▸ Task prompt
Retype exactly the lines that run from the start of the data to the line holding "65 Ct Natural", including both, and only those.

Short descriptive text snippets
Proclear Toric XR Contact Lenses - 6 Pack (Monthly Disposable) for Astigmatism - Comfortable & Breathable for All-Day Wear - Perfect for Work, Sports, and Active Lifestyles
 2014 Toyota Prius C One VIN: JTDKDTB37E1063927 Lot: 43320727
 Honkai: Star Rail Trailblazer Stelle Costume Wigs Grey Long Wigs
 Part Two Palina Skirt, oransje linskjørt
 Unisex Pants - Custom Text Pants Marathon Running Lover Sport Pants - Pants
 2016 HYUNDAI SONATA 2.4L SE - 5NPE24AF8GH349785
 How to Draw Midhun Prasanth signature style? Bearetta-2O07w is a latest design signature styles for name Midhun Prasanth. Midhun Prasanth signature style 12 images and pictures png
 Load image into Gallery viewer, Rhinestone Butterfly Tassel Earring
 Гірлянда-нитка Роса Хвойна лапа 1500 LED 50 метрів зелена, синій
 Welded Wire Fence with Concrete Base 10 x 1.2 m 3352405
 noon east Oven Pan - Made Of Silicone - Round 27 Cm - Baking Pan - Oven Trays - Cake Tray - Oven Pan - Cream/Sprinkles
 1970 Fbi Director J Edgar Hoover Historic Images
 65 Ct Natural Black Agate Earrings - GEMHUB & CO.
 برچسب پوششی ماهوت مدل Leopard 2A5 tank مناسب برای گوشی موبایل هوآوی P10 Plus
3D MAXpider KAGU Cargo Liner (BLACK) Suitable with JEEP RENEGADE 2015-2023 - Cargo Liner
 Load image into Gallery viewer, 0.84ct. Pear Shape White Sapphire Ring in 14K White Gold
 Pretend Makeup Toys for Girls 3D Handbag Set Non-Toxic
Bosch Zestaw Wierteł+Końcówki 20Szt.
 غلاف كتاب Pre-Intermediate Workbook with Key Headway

▸ Solved problem
Proclear Toric XR Contact Lenses - 6 Pack (Monthly Disposable) for Astigmatism - Comfortable & Breathable for All-Day Wear - Perfect for Work, Sports, and Active Lifestyles
 2014 Toyota Prius C One VIN: JTDKDTB37E1063927 Lot: 43320727
 Honkai: Star Rail Trailblazer Stelle Costume Wigs Grey Long Wigs
 Part Two Palina Skirt, oransje linskjørt
 Unisex Pants - Custom Text Pants Marathon Running Lover Sport Pants - Pants
 2016 HYUNDAI SONATA 2.4L SE - 5NPE24AF8GH349785
 How to Draw Midhun Prasanth signature style? Bearetta-2O07w is a latest design signature styles for name Midhun Prasanth. Midhun Prasanth signature style 12 images and pictures png
 Load image into Gallery viewer, Rhinestone Butterfly Tassel Earring
 Гірлянда-нитка Роса Хвойна лапа 1500 LED 50 метрів зелена, синій
 Welded Wire Fence with Concrete Base 10 x 1.2 m 3352405
 noon east Oven Pan - Made Of Silicone - Round 27 Cm - Baking Pan - Oven Trays - Cake Tray - Oven Pan - Cream/Sprinkles
 1970 Fbi Director J Edgar Hoover Historic Images
 65 Ct Natural Black Agate Earrings - GEMHUB & CO.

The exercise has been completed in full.